In late 1967 dieselisation began with the arrival of D^{SC} class and D^{J} class locomotivess. A year later, the W^{W} class had been largely replaced by D^{SC} class locomotives beyond Waimangaroa. By mid-1969 steam power had ended, and DJ locomotives, joined by the DC class in the 1980s, became the predominant motive power. With the de-electrification of the Otira Tunnel on the Midland Line in the latter half of the 1990s, motive power changed to powerful DX class locomotives modified to operate through the tunnel.

=== Line Reorganisation ===

On 5 November 2009 both the Ngākawau Branch and the Stillwater-Westport Line were officially reclassified as being a single railway. The new railway is called the Stillwater-Ngākawau Line. This designation includes what is now a short branch into Westport proper.
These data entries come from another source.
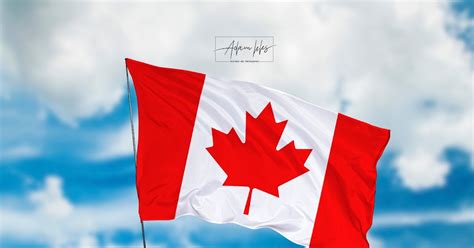 تحميل اجمل خلفية علم كندا يرفرف في السماء اجمل خلفيات كندا الرائعة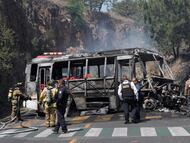 Bomberos e integrantes de la policía de Morelia trabajan en la zona donde fue incendiado un autobús por presuntos integrantes del crimen organizado este domingo
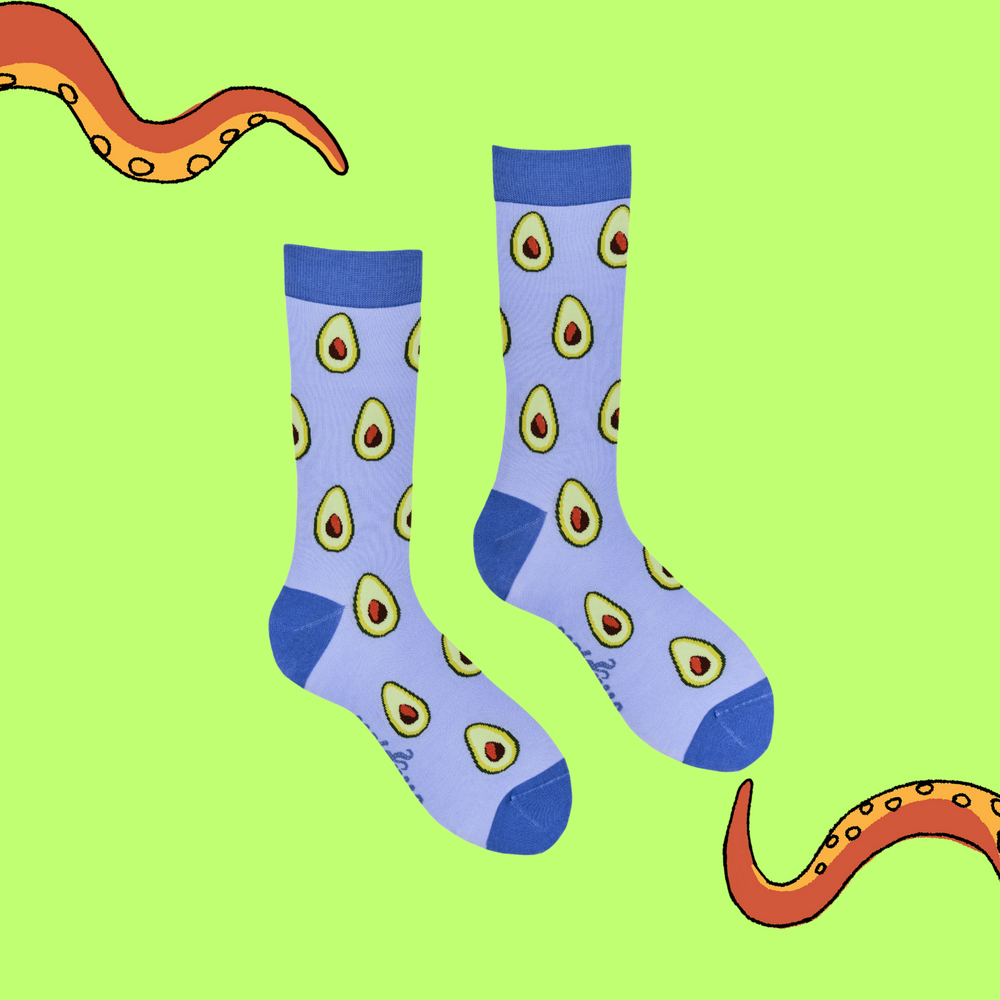 
                  
                    A pair of socks depicting Avocados. Purple legs, blue cuff, heel and toe.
The former line from Ngākawau to Seddonville is still officially gazetted with the name Seddonville Branch Railway, despite the line having been removed shortly after the line was closed in the 1980s.

==Today==
Some remnants of the branch beyond Ngākawau remain. Much of the formation remains visible, including embankments, cuttings and culverts. Part of the formation near Seddonville has been converted into the Chasm Creek Walkway, uses two bridges and one tunnel. The platform edge of Seddonville station remains, but the line to the Mokihinui Mine is now largely inaccessible as it is not near any roads.
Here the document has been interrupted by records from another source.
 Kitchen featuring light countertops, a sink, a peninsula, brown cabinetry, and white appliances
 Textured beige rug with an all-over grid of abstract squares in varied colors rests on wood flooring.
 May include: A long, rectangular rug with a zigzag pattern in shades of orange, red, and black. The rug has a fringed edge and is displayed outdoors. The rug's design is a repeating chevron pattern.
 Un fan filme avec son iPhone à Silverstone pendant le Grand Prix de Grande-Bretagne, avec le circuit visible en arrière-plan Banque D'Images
At the end of their working lives, some locomotives and rolling stock were used to protect the branch from river erosion. Between 1958 and 1960, W^{B} class tank locomotives 292 and 299 were dumped on the bank of the Mōkihinui River to ensure the stability of the formation between Seddonville and Mokihinui Mine. In 1989 the Baldwin Steam Trust recovered the locomotives with the aim of restoring them to full operational condition. These locomotives are now located at Maymorn, Upper Hutt and are owned by the Rimutaka Incline Railway.